En 1956, el norteamericano A. Kornberg, otro discípulo de Ochoa, demostró que el ADN se sintetiza igualmente mediante su polimerasa. Ambos compartieron el premio Nobel en su edición de 1959 por sus respectivos hallazgos, que supusieron un avance enorme, pues ya se podía atacar el desciframiento del código genético, como se hizo muy rápidamente mediante análisis estadístico de frecuencias, al modo como se descifran otros códigos y lenguajes desconocidos. Vista la utilidad de la doble hélice, Watson y Crick compartirían el Nobel de Fisiología y Medicina en 1963.
Aunque para el gran público el nombre de Severo Ochoa se vincula a su trabajo sobre ácidos nucleicos y código genético, su investigación fue polifacética, dentro de una línea de rigor argumental. Estudió la fijación de CO2 por las plantas, avatares del fosfato en las fermentaciones, utilización de la glucosa (glucólisis), papel de la vitamina B1, oxidación del ácido pirúvico y cierre del ciclo de Krebs mediante la «enzima condensante» que se llamó de Ochoa.
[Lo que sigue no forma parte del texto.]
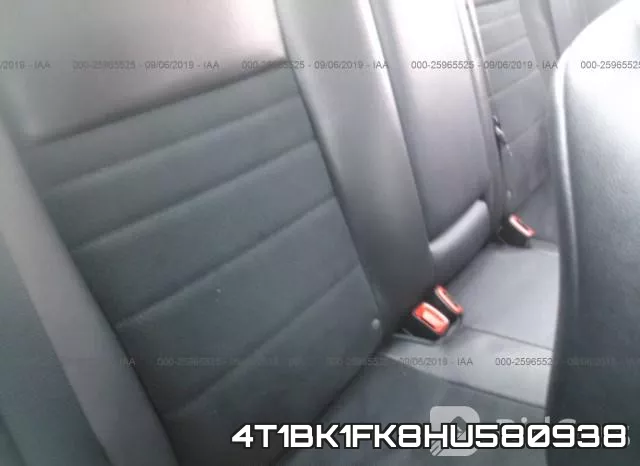 4T1BK1FK8HU580938 фото 9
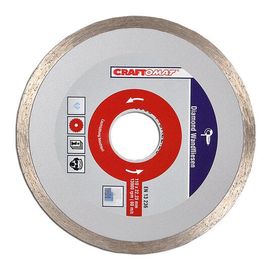 Craftomat 110 mm Duvar Seramik Kırmızı Elmas Kesici Disk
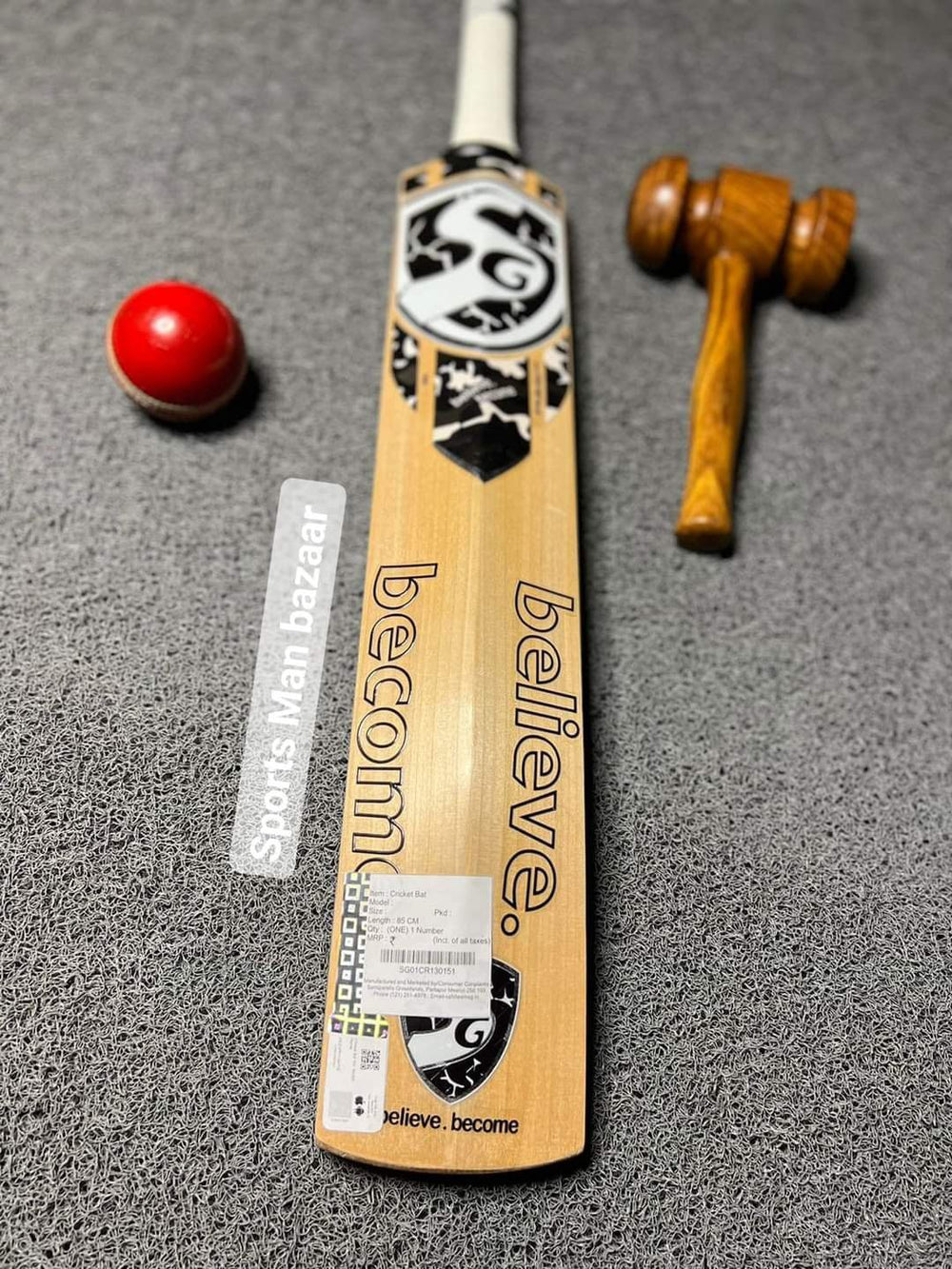SG KLR-1 Kl Rahul edition English willow bat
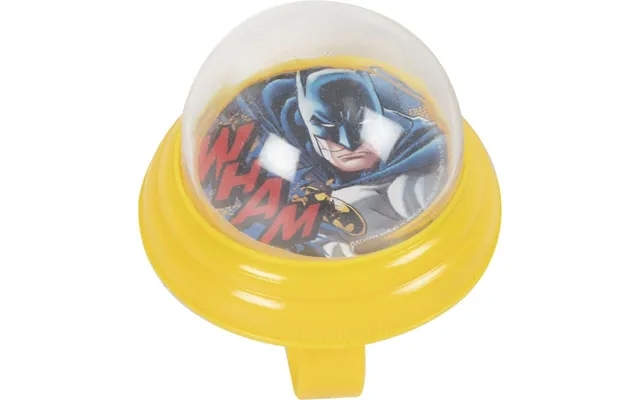 Ringeklokke Til Børnecykel Batman Cz10965 Gul product image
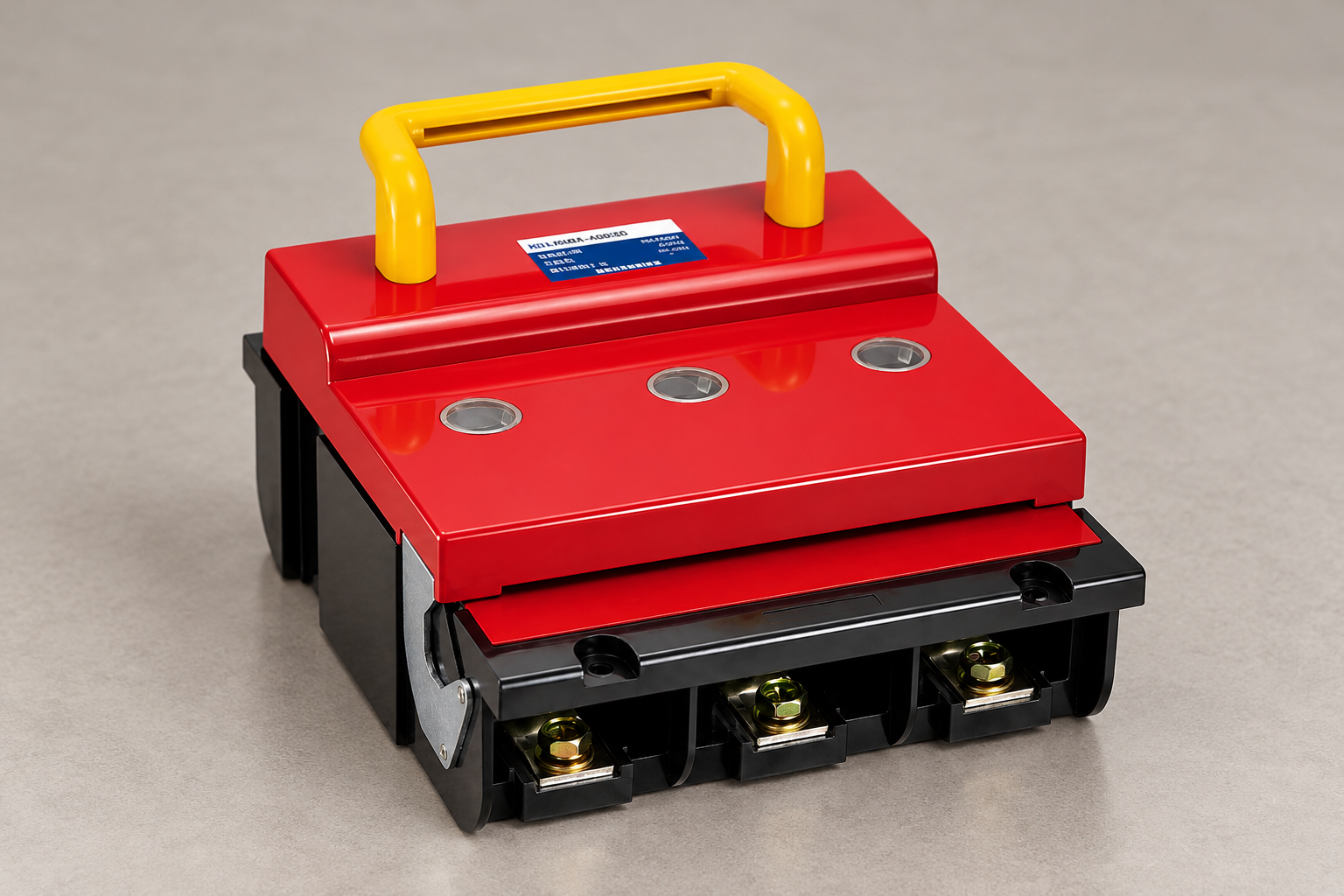 HR6 Series Fuse-Switch Disconnector: complete exterior for layout and documentation review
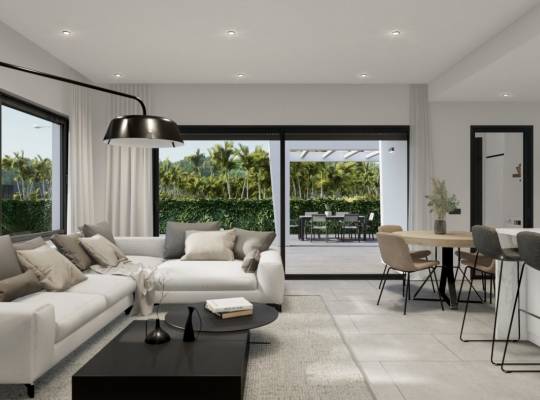 Obra nueva - Chalet - Orihuela Costa - La Ciñuelica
España quiso recuperar su magisterio, y al efecto en 1971 se creaba para él en Madrid el Centro de Biología Molecular. Jubilado de la Universidad de Nueva York (1975), en 1985 regresó definitivamente al país de origen, y en 1987 ingresaba en la Real Academia de Medicina, y fue nombrado presidente de la fundación Jiménez Díaz; pero el pronto fallecimiento de su esposa un año antes supuso un golpe psicológico irreversible. Así, sin merma de facultades, pero con la moral baja, llegaría a un deseado final, el 1 de noviembre de 1993.
Cabe preguntarse si la operación Ochoa cumplió su objetivo. El sabio lamentaba la escasa inversión investigadora en España, una insignificancia en comparación con su patria científica, Estados Unidos. Pero no hay que olvidar que los grandes logros de Severo Ochoa, incluidos los que le llevaron al Nobel, se realizaron en centros modestísimos, con técnicas bastante simples; eso sí, en competencia frente a otros igualmente modestos, pero igualmente motivados.